Start of Data shown

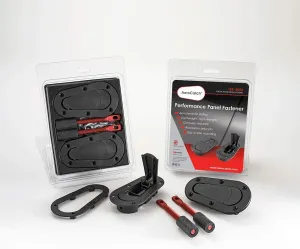 120-2000 Above Panel Flush Locking Hood Latch and Pin Kit - Black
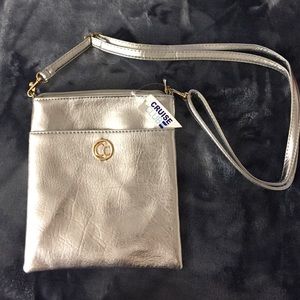 Cruise Club Silver Cross Body Bag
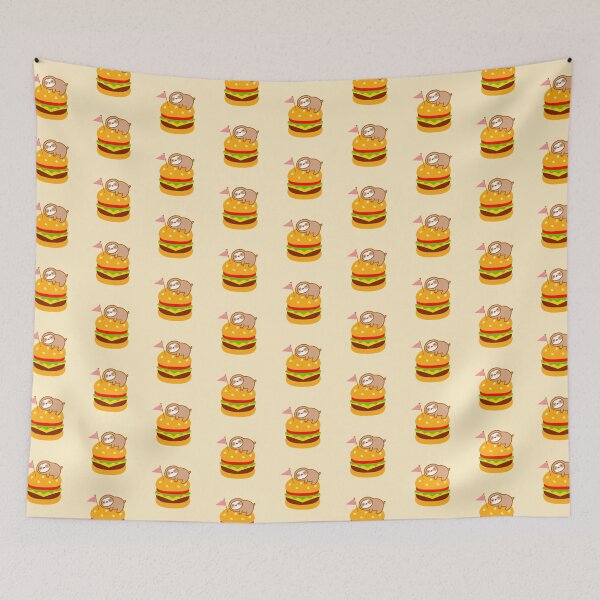 Item preview, Cute Cheeseburger Sloth designed and sold by theslothinme.
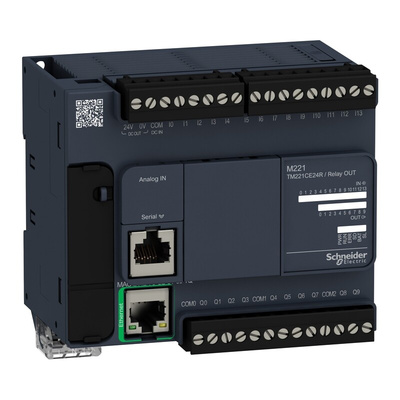 Schneider Electric Modicon M221 Series PLC CPU, 100 → 240 V ac Supply, Digital Output, 14-Input, Discrete Input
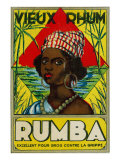 Vieux Rhum Rumba Brand Rum Label Posters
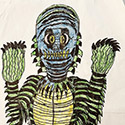Brent Brown BRB1083 | Gar Gilman from Creature of the Black Lagoon  at the Outsider Folk Art Gallery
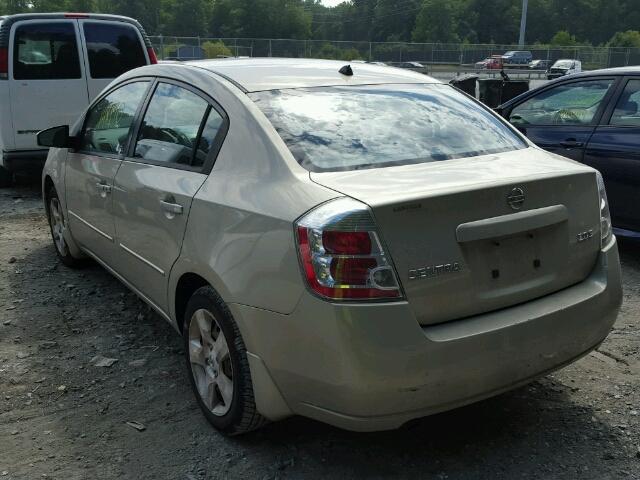 3N1AB61E77L663898 - 2007 NISSAN SENTRA 2.0 BEIGE photo 3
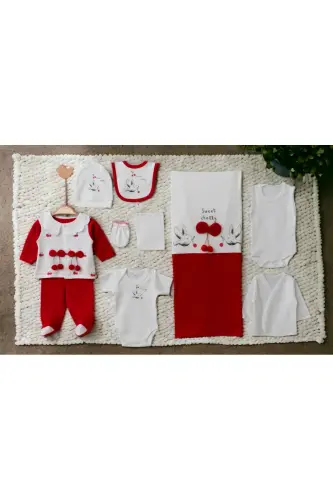 5-Piece Newborn Set (10-PIECE HOSPITAL OUTFIT, PEANUT SWADDLE, CHANGING MAT, BABY CARE SHOULDER AND BACKPACK)-Black - 2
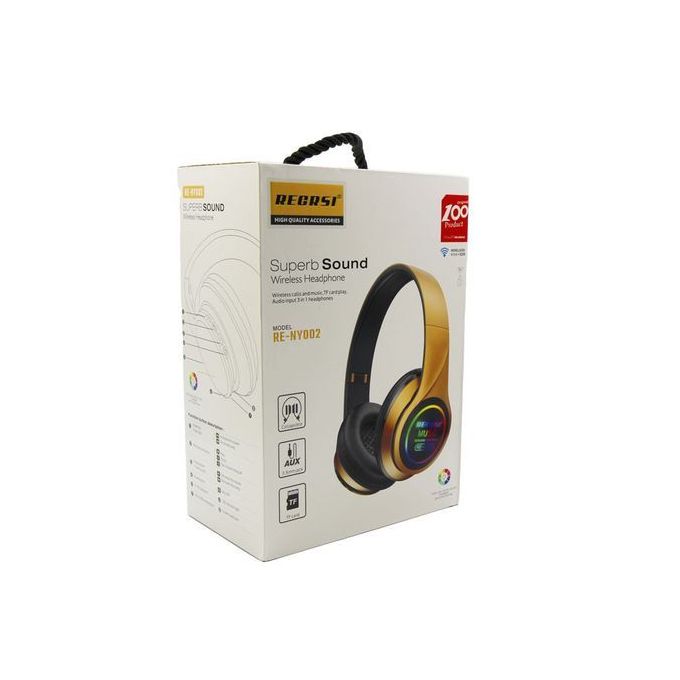 Regrsi RE-NY002 Wireless Headphone with RGB Light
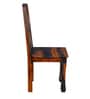 Mathis Sheesham Wood 6 Seater Dining Set in Vintage Black & Teak Finish with Bench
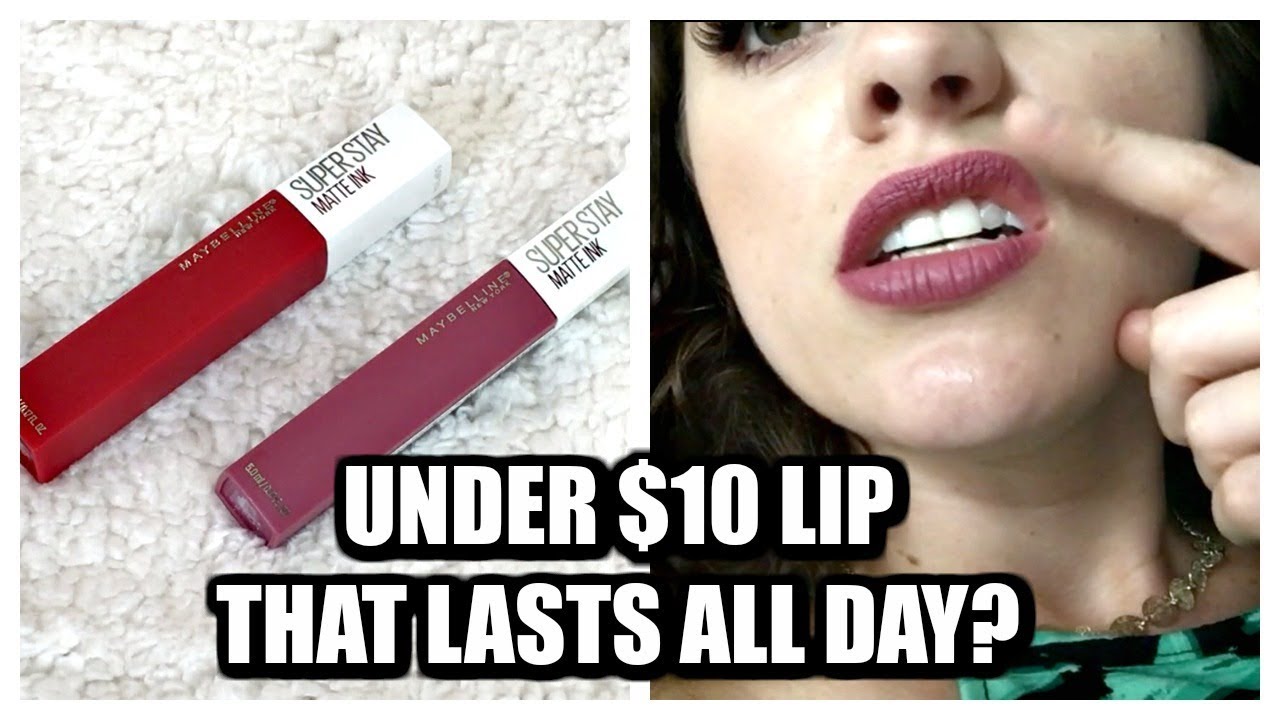 Maybelline Lip Inks | Better than $$$ Brands?!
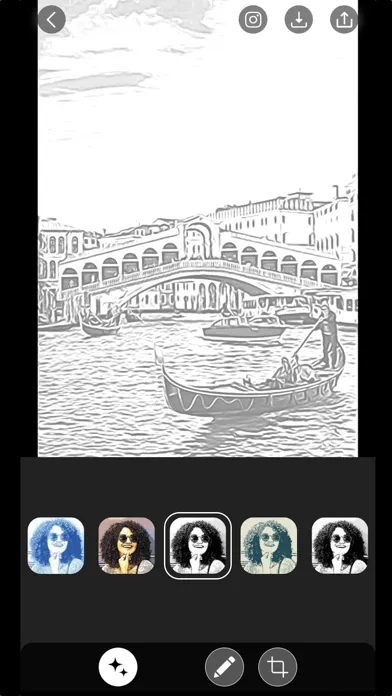 Outline Photo to Sketch Editor স্ক্রিনশট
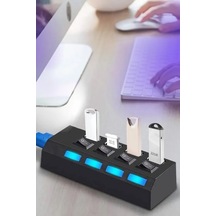 Usb Giriş Çoğaltma Aparatı 1 Girişi 4 Girişe Çeviren Aparat Süper Hızlı Usb 3.0 Hub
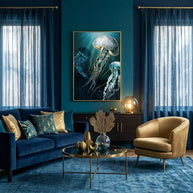 Metallic Jellyfish V - Poster Print - No Frame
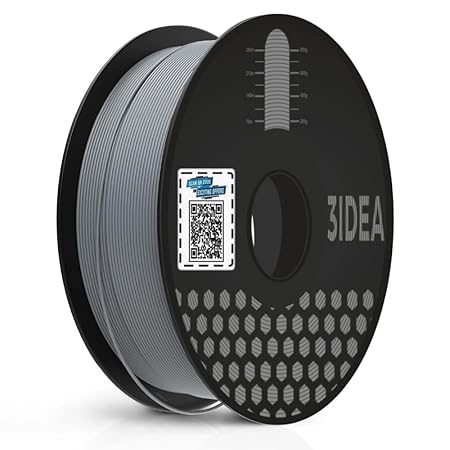 3Idea NX (Next Gen)-PLA Ultra Premium 3D Printing Filament, Grey 1.75mm, Net Weight-1kg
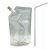 Saco Plástico Com Tampa Lateral e Canudo Para Bebidas - 500ml - 19,5x13cm - 50 unidades - Rizzo - Imagem 4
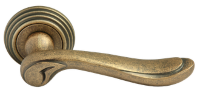 Дверные ручки RUCETTI RAP-CLASSIC-L 6 OMB Цвет - старая античная бронза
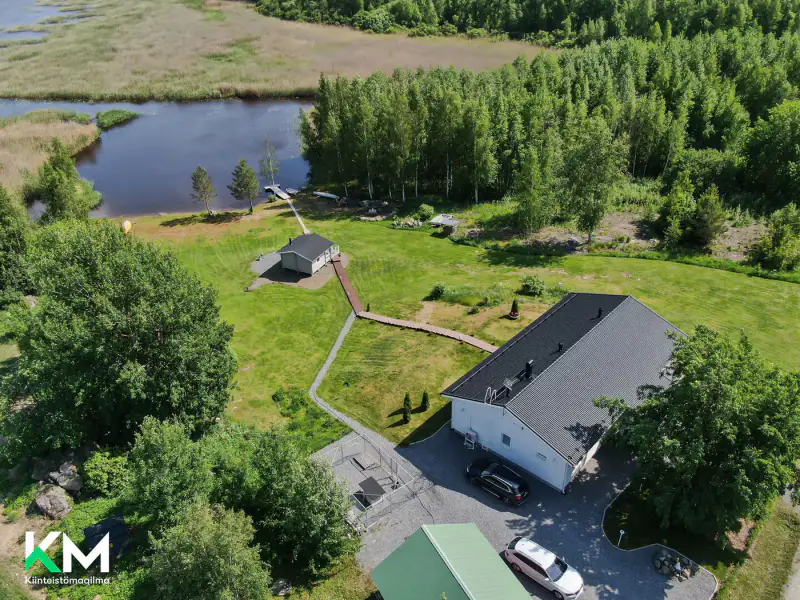 Maison de vacances 2021 (~116 m²) habitable à l’année, sauna vue lac, ~50 m de rive sur l’Ylä-Vehkajärvi — Sysmä — 4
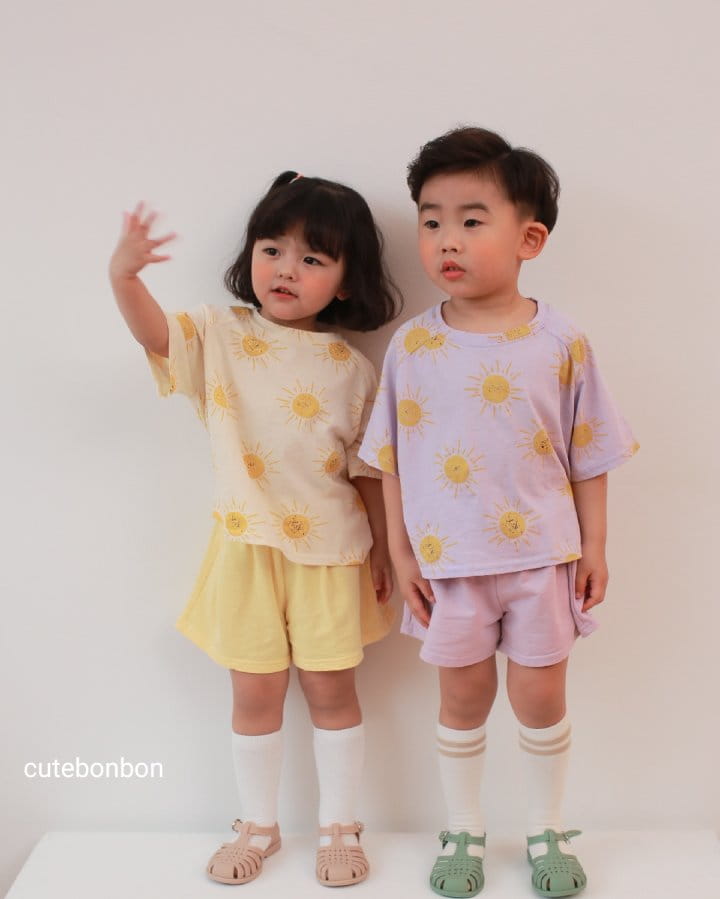 CUTEBONBON - Korean Children Fashion - #Kfashion4kids - Sunny Top Bottom Set  - 8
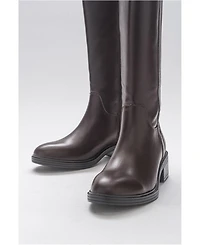 Forever & Always Shoes Acro Leather Boot (Women)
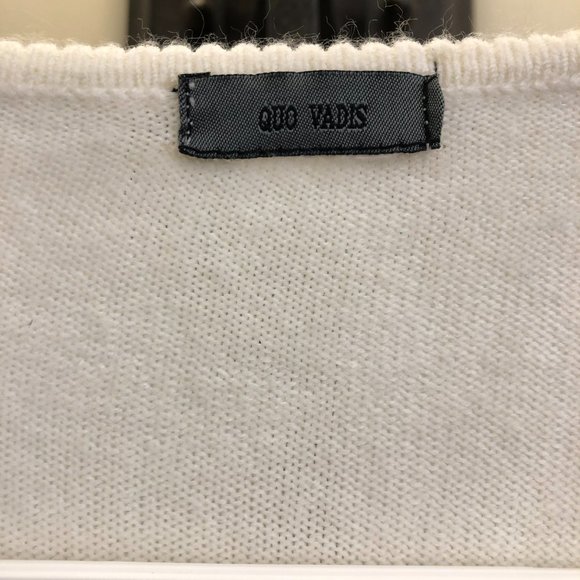 Quo Vadis Vintage Beige Cardigan with beads - Picture 3 of 4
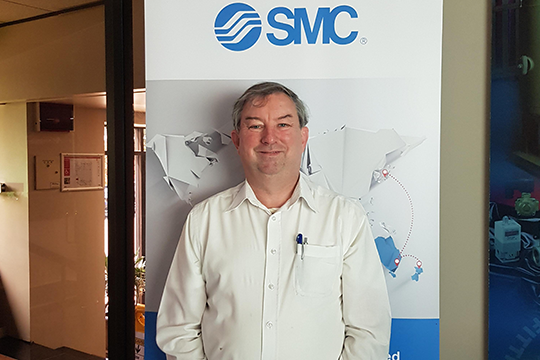 Robert Taylor, product specialist at SMC Corporation ANZ.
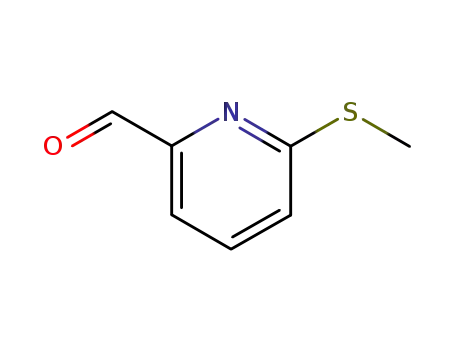 Molecular Structure of 217657-76-6 (2-Pyridinecarboxaldehyde, 6-(methylthio)- (9CI))
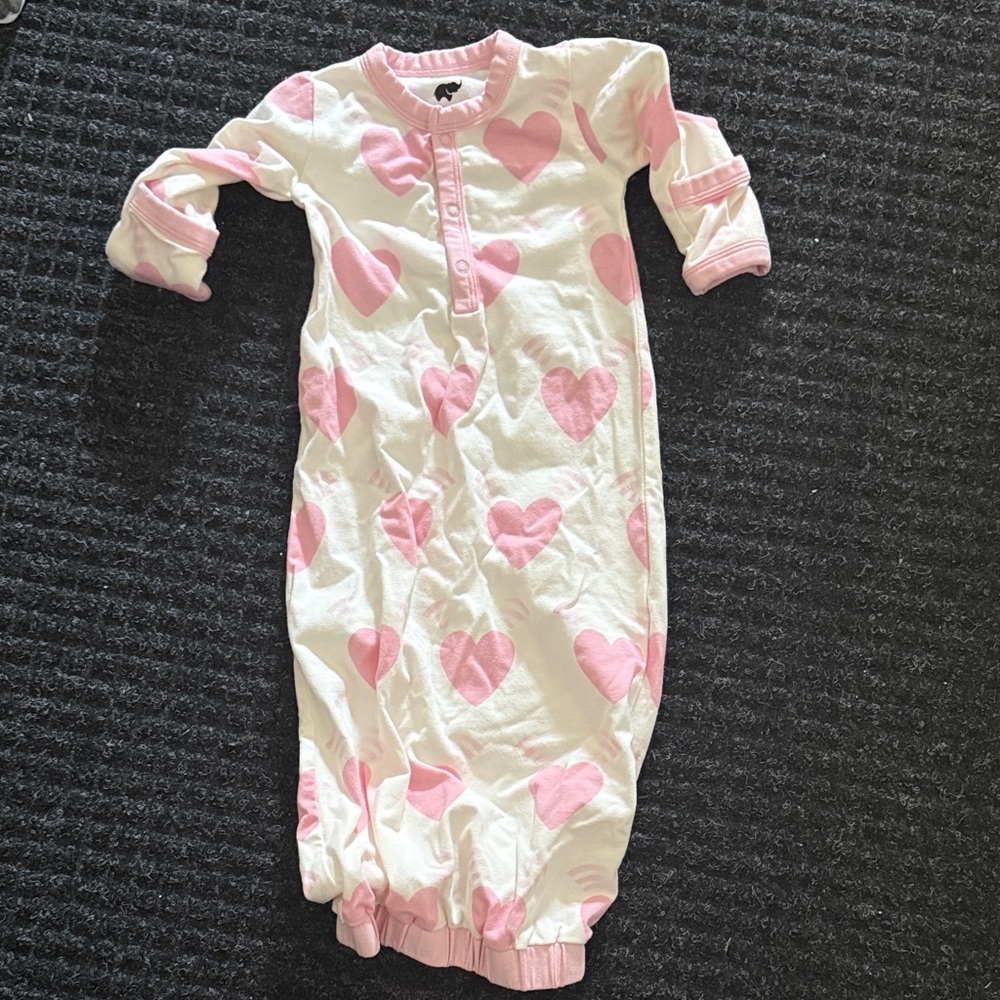 Cozy Pink Heart Sleep Sack for Kids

End of Data shown

**What to work on**
Except for pictures, copy the records above exactly.

**Solution to this task**
 120-2000 Above Panel Flush Locking Hood Latch and Pin Kit - Black
 Cruise Club Silver Cross Body Bag
 Item preview, Cute Cheeseburger Sloth designed and sold by theslothinme.
 Schneider Electric Modicon M221 Series PLC CPU, 100 → 240 V ac Supply, Digital Output, 14-Input, Discrete Input
 Vieux Rhum Rumba Brand Rum Label Posters
Brent Brown BRB1083 | Gar Gilman from Creature of the Black Lagoon  at the Outsider Folk Art Gallery
 3N1AB61E77L663898 - 2007 NISSAN SENTRA 2.0 BEIGE photo 3
 5-Piece Newborn Set (10-PIECE HOSPITAL OUTFIT, PEANUT SWADDLE, CHANGING MAT, BABY CARE SHOULDER AND BACKPACK)-Black - 2
 Regrsi RE-NY002 Wireless Headphone with RGB Light
 Mathis Sheesham Wood 6 Seater Dining Set in Vintage Black & Teak Finish with Bench
 Maybelline Lip Inks | Better than $$$ Brands?!
 Outline Photo to Sketch Editor স্ক্রিনশট
 Usb Giriş Çoğaltma Aparatı 1 Girişi 4 Girişe Çeviren Aparat Süper Hızlı Usb 3.0 Hub
 Metallic Jellyfish V - Poster Print - No Frame
 3Idea NX (Next Gen)-PLA Ultra Premium 3D Printing Filament, Grey 1.75mm, Net Weight-1kg
 Saco Plástico Com Tampa Lateral e Canudo Para Bebidas - 500ml - 19,5x13cm - 50 unidades - Rizzo - Imagem 4
 Дверные ручки RUCETTI RAP-CLASSIC-L 6 OMB Цвет - старая античная бронза
 Maison de vacances 2021 (~116 m²) habitable à l’année, sauna vue lac, ~50 m de rive sur l’Ylä-Vehkajärvi — Sysmä — 4
 CUTEBONBON - Korean Children Fashion - #Kfashion4kids - Sunny Top Bottom Set  - 8
 Forever & Always Shoes Acro Leather Boot (Women)
 Quo Vadis Vintage Beige Cardigan with beads - Picture 3 of 4
 Robert Taylor, product specialist at SMC Corporation ANZ.
 Molecular Structure of 217657-76-6 (2-Pyridinecarboxaldehyde, 6-(methylthio)- (9CI))
 Cozy Pink Heart Sleep Sack for Kids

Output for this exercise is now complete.